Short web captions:
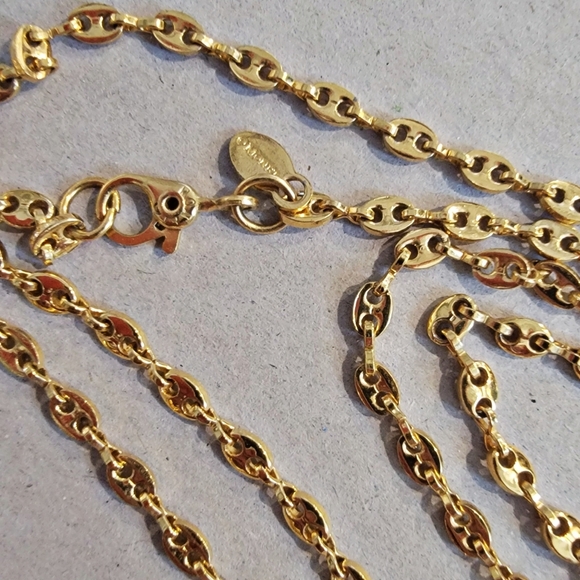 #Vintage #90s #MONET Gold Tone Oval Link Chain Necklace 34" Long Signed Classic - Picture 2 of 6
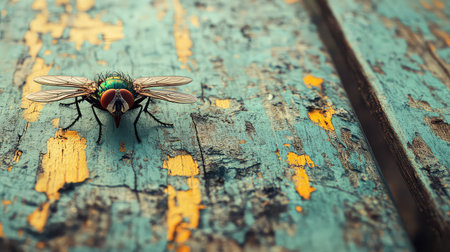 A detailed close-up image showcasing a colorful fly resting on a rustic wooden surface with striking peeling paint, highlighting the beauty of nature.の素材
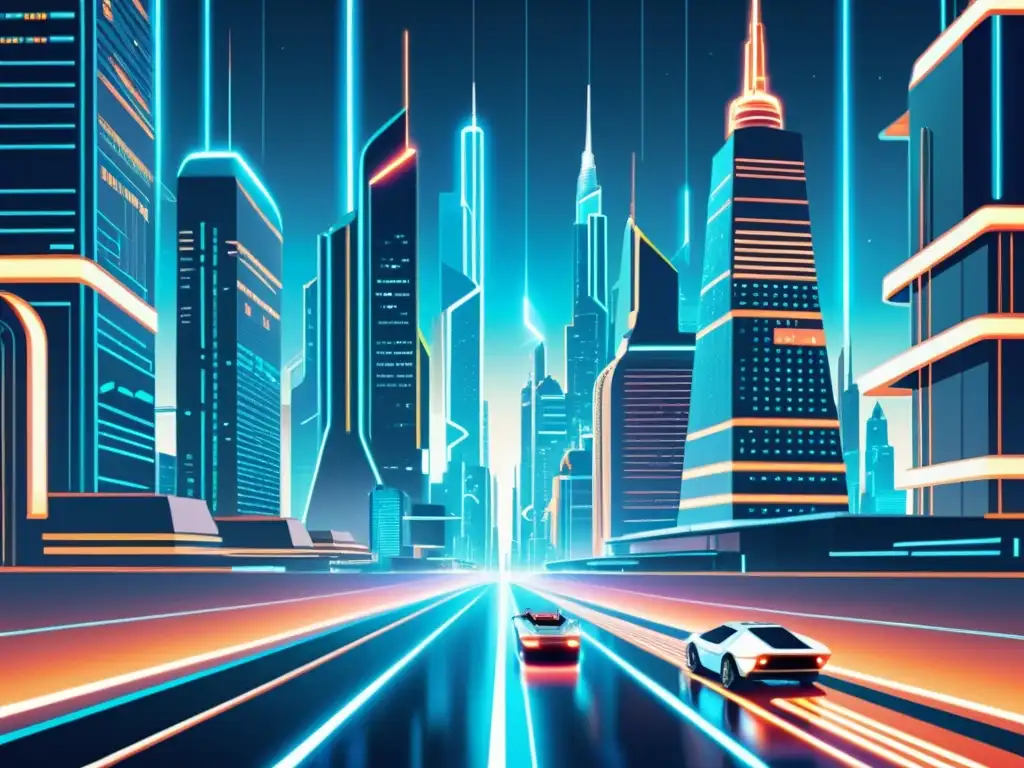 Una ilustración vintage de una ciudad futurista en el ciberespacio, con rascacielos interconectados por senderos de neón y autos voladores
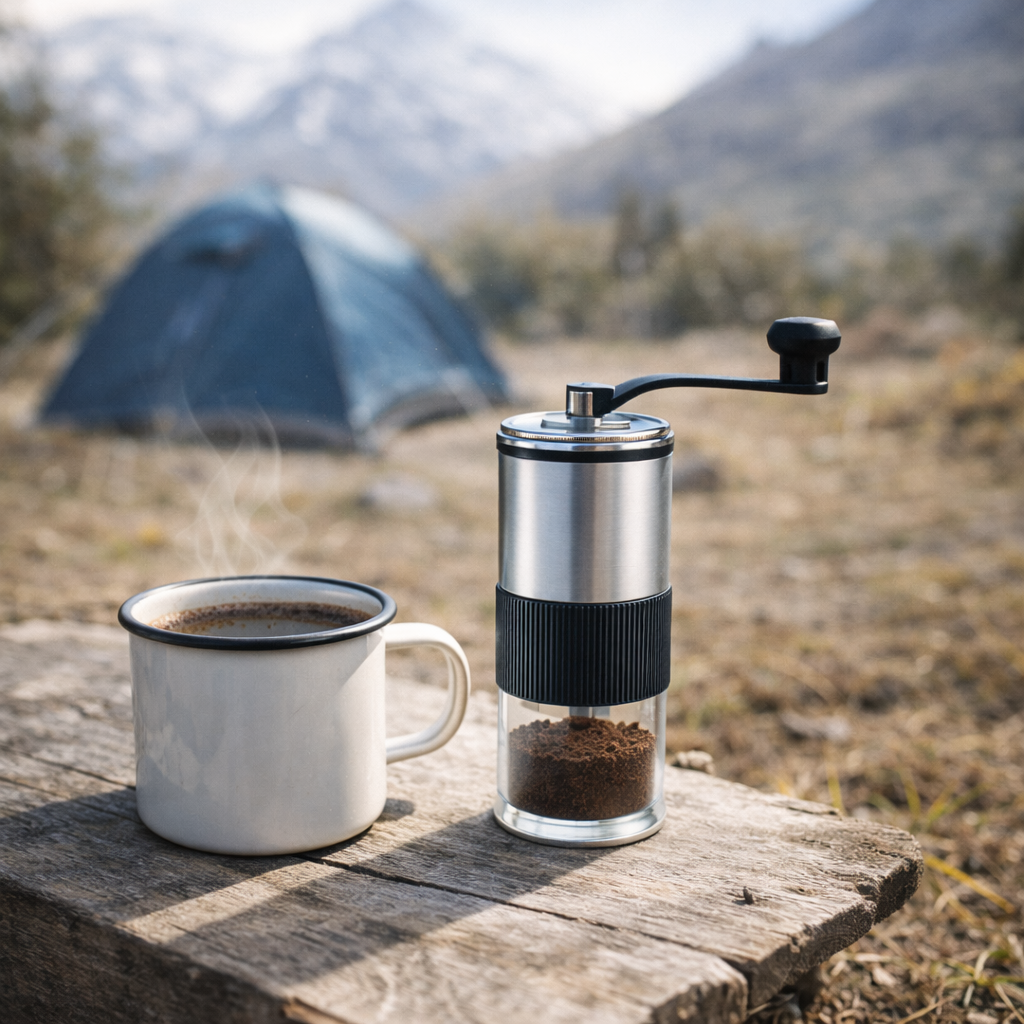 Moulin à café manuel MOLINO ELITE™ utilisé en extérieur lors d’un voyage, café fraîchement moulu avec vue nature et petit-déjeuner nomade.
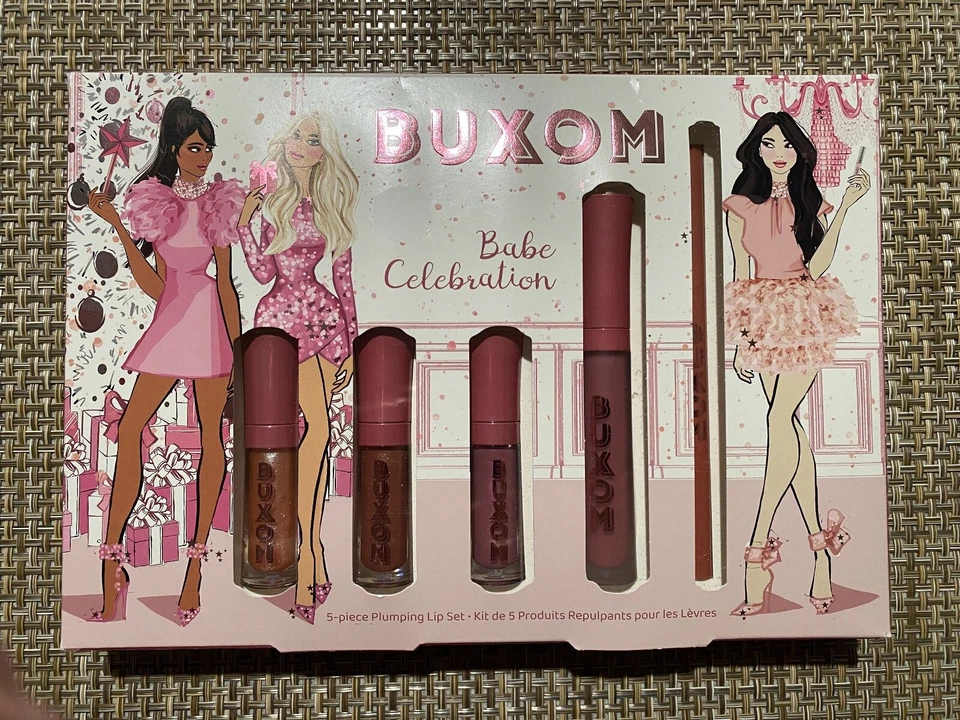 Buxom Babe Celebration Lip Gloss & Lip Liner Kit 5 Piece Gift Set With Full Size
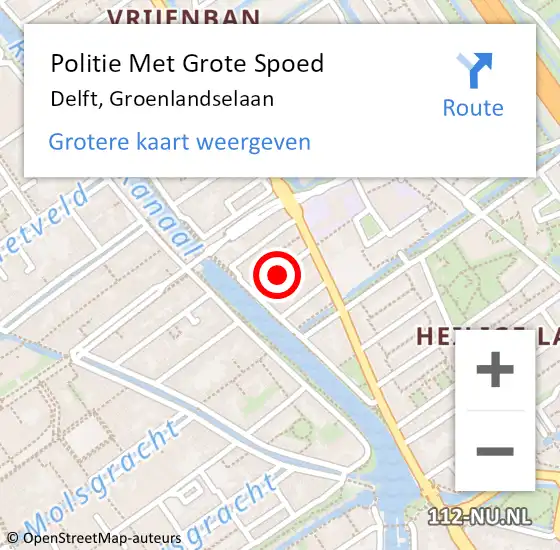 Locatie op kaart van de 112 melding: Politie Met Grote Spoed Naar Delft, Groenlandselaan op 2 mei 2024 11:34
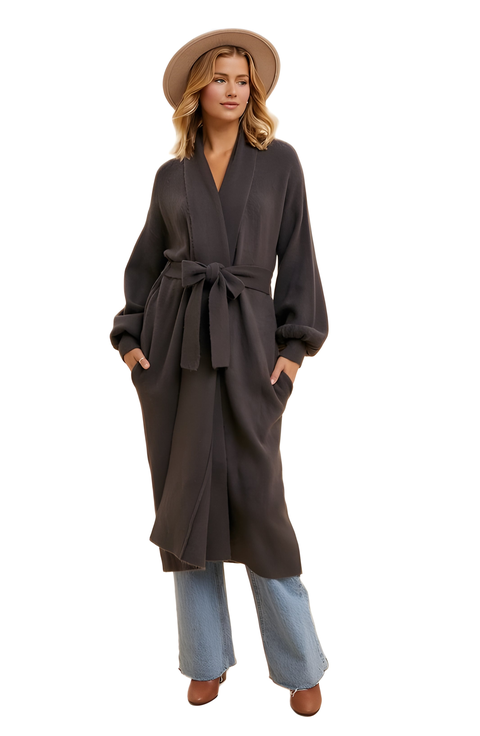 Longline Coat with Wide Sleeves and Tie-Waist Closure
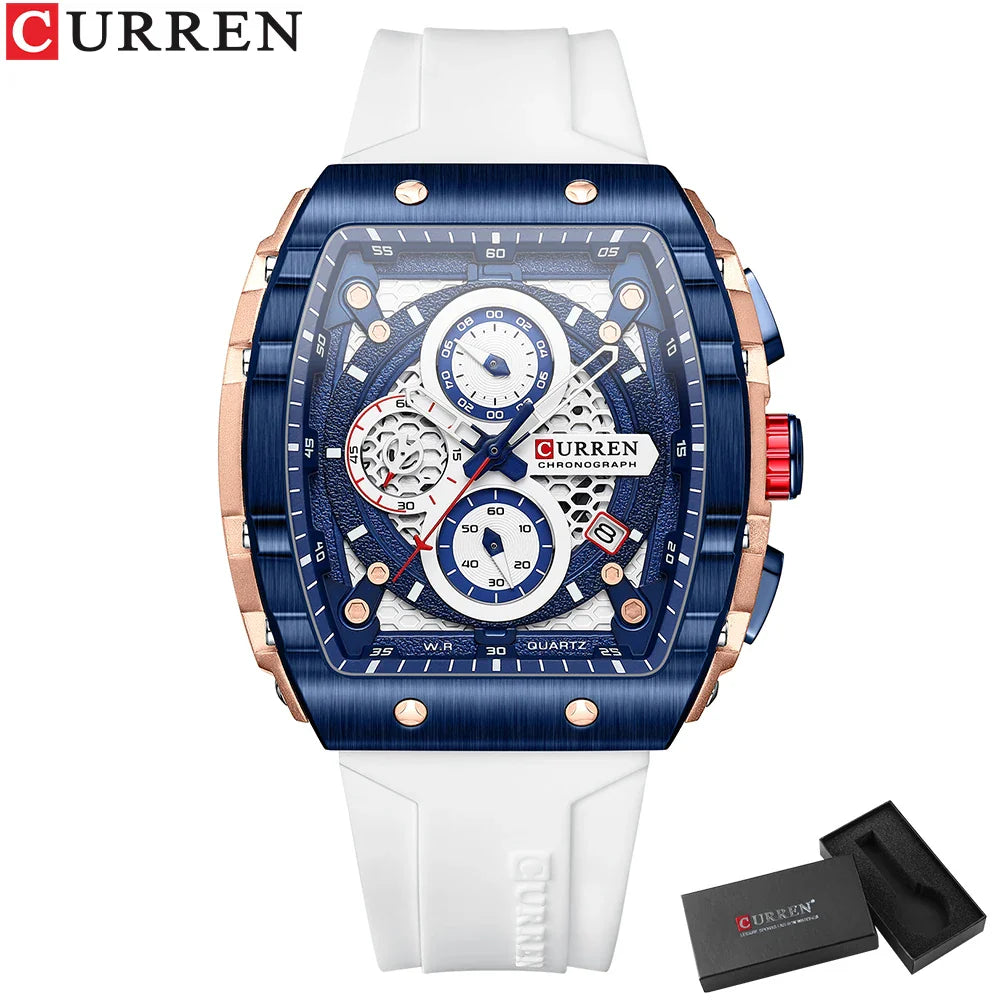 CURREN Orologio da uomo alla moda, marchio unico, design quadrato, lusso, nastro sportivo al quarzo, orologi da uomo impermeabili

WORK TASK: One exact copy of the data, no pictures: write it out line for line.

ANSWER TO THIS TASK:
 #Vintage #90s #MONET Gold Tone Oval Link Chain Necklace 34" Long Signed Classic - Picture 2 of 6
 A detailed close-up image showcasing a colorful fly resting on a rustic wooden surface with striking peeling paint, highlighting the beauty of nature.の素材
 Una ilustración vintage de una ciudad futurista en el ciberespacio, con rascacielos interconectados por senderos de neón y autos voladores
 Moulin à café manuel MOLINO ELITE™ utilisé en extérieur lors d’un voyage, café fraîchement moulu avec vue nature et petit-déjeuner nomade.
 Buxom Babe Celebration Lip Gloss & Lip Liner Kit 5 Piece Gift Set With Full Size
 Locatie op kaart van de 112 melding: Politie Met Grote Spoed Naar Delft, Groenlandselaan op 2 mei 2024 11:34
 Longline Coat with Wide Sleeves and Tie-Waist Closure
 CURREN Orologio da uomo alla moda, marchio unico, design quadrato, lusso, nastro sportivo al quarzo, orologi da uomo impermeabili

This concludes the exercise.